Drawn: Trail of Shadows is an adventure game by Big Fish Games. It is the third game in the Drawn series.

== Gameplay ==
A boy with the power to bring his paintings to life paints a picture of a wizard. The wizard attempts to use the boy's power for his own ends. Players control another character who can make paintings come to life. They must solve puzzles to save the boy and stop the wizard. It includes a hint system, and players can skip logic puzzles if they wish.

== Development ==
Big Fish Games released Drawn: Trail of Shadows for Windows on October 19, 2011. It was released on iOS on November 19, 2012.

== Reception ==
Rock Paper Shotgun praised the art and said people should not ignore it because its Big Fish's reputation for casual games.

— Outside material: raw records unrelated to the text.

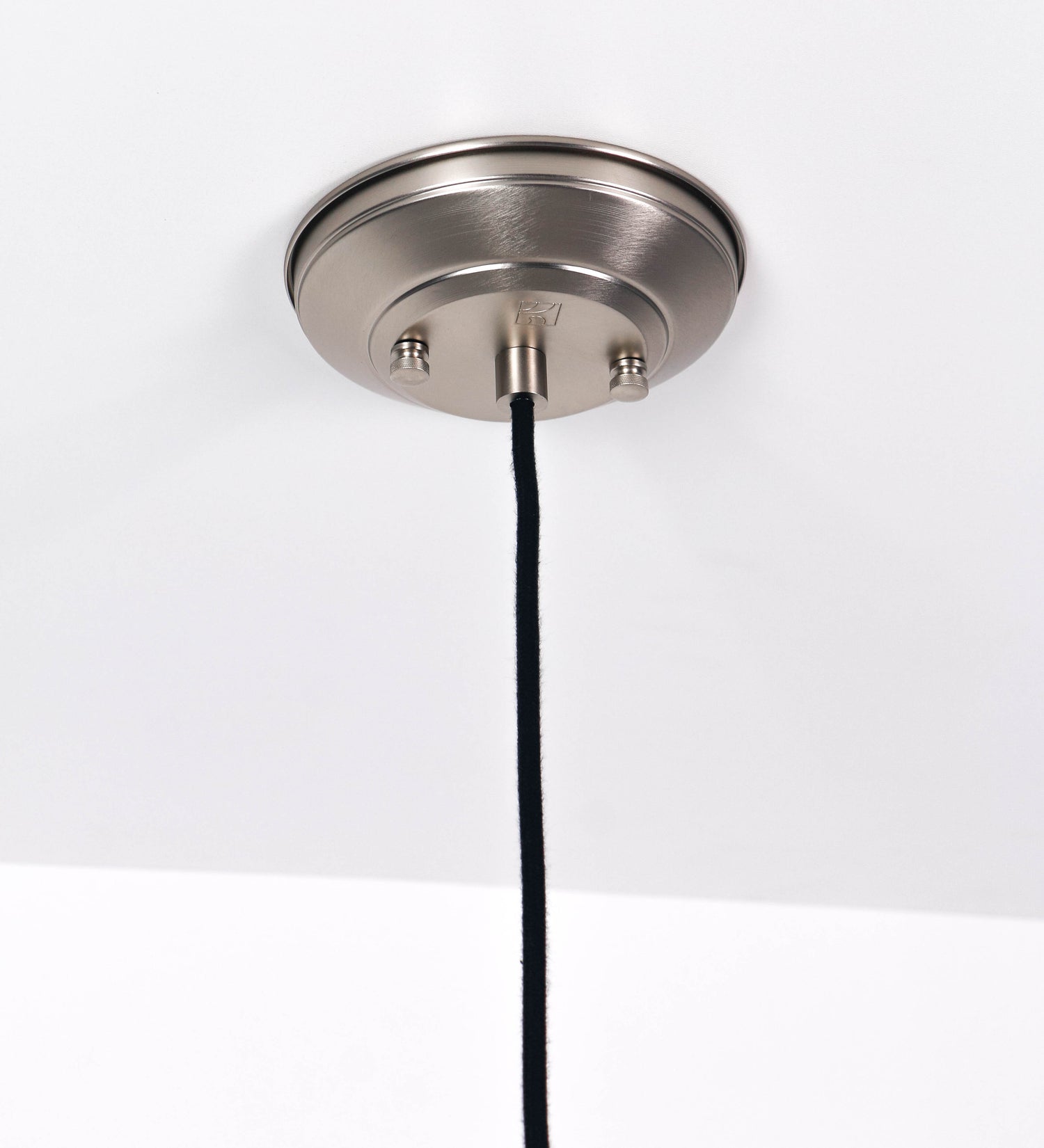 Suspensão de teto que combina um design clássico com um acabamento moderno e de estilo industrial. A suspensão, toda em níquel escovado, é fixa ao teto através de uma base circular de onde desce um cabo revestido têxtil preto, que sustenta o chapéu principal. O chapéu tem um formato cónico invertido, com uma borda ligeiramente levantada. No topo do chapéu, há um suporte circular com três pequenos braços que conecta o chapéu ao cabo.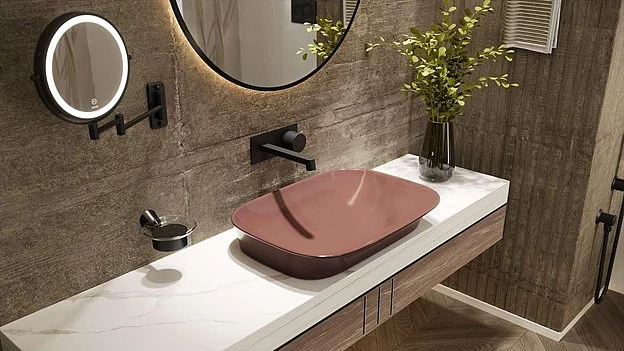 A washbasin becomes the visual anchor around which the rest of the design is built. 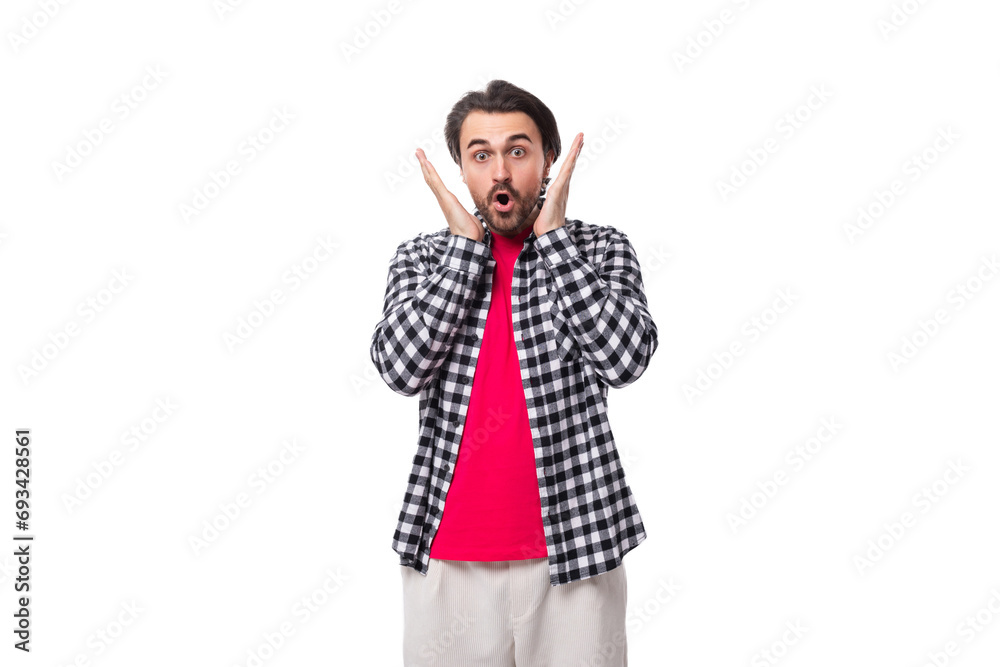 young surprised bearded brunette man in a shirt on a white background with copy space young surprised bearded brunette man in a shirt on a white background with copy space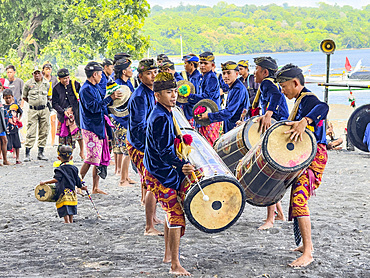 Ceremonial drummers coming to perform with their ornately painted drums on Sumbawa Island, Indonesia.
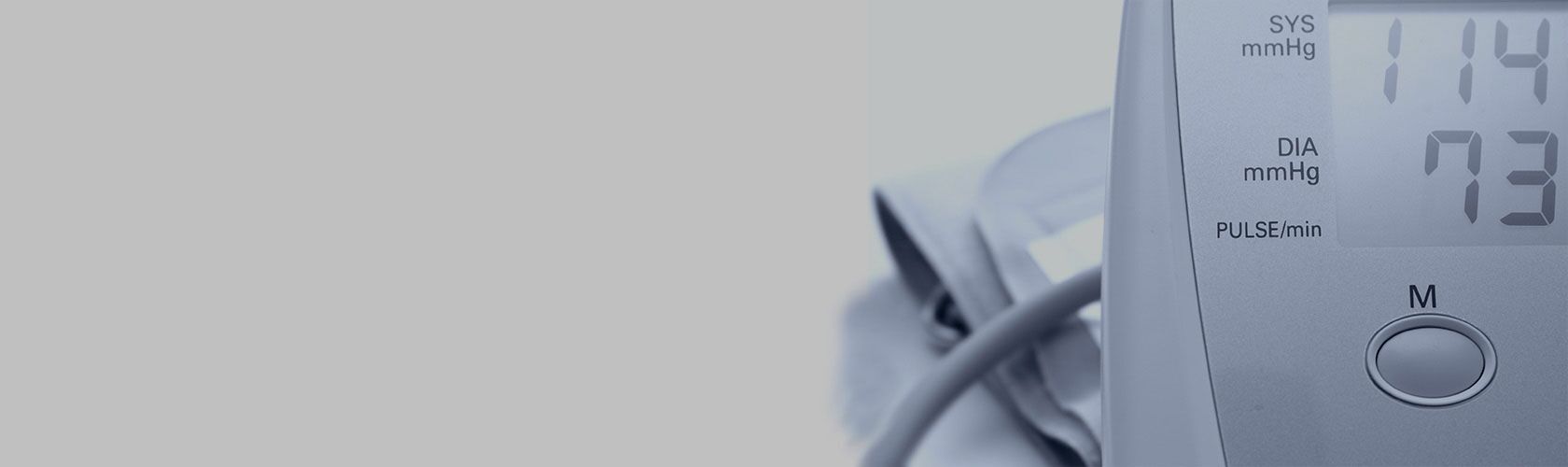 Ein Blutdruckmessgerät zeigt Werte von 114 zu 73 mmHg auf einem digitalen Display an.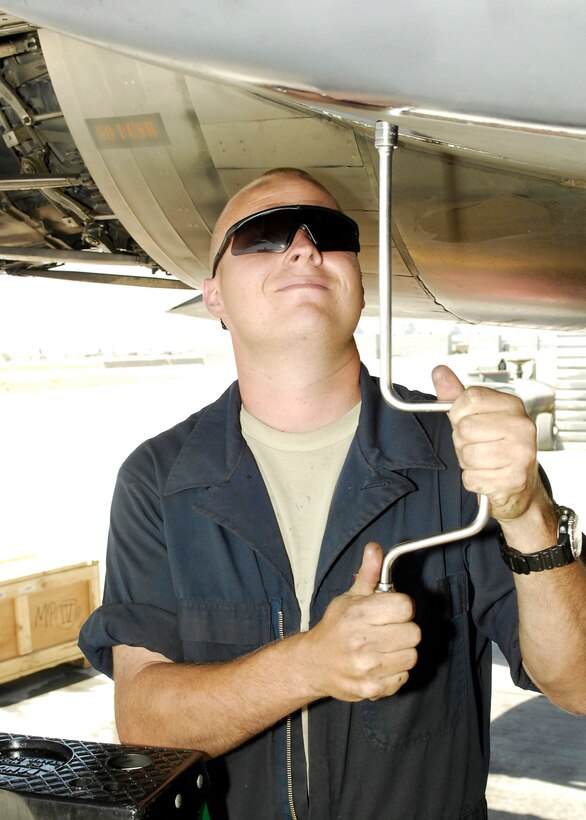 Senior Airman Adam Greene, a crew chief from the 336th Aircraft Maintenance Squadron at Bagram Airfield, Afghanistan, replaces a panel during an inspection of an F-15E Strike Eagle.  Airman Greene is deployed from Seymour Johnson Air Force Base, N.C. Strike Eagles launch around the clock in support of coalition forces.  (U.S. Air Force photo/Senior Airman Felicia Juenke)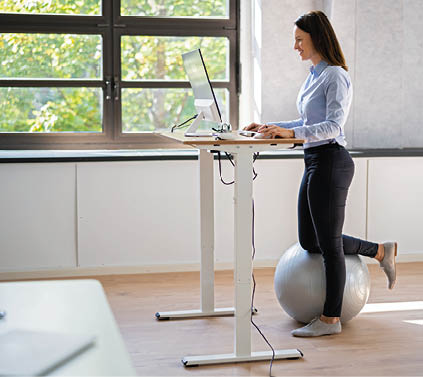 Woman Using Adjustable Height Standing Desk In Office For Good Posture
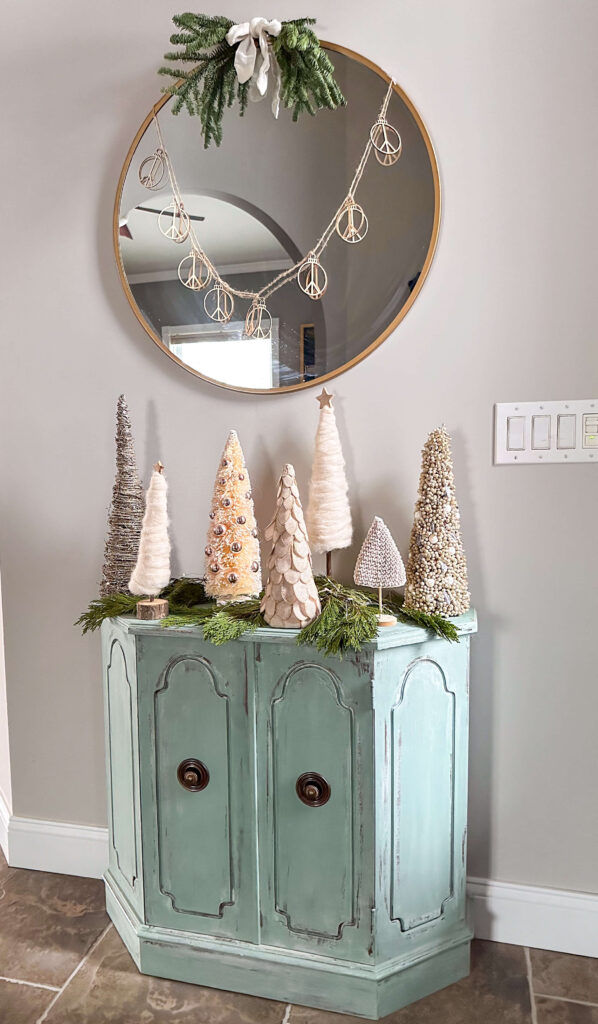 Textured mini trees in entryway for a neutral and natural home tour.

Adventure Gamers and GamePro praised the artwork and puzzles, though they said some puzzles may seem a bit too easy for hardcore gamers. Adventure Gamers subsequently said it was the best casual game of 2011. Gamezebo considered it another high point for Big Fish Games in the adventure-puzzle genre. Although Engadget still recommended it, they said the iOS port suffered some minor issues, such as not playing cutscenes.

At the 15th Annual Interactive Achievement Awards, it was nominated for the D.I.C.E. Award for Outstanding Achievement for an Independent Game.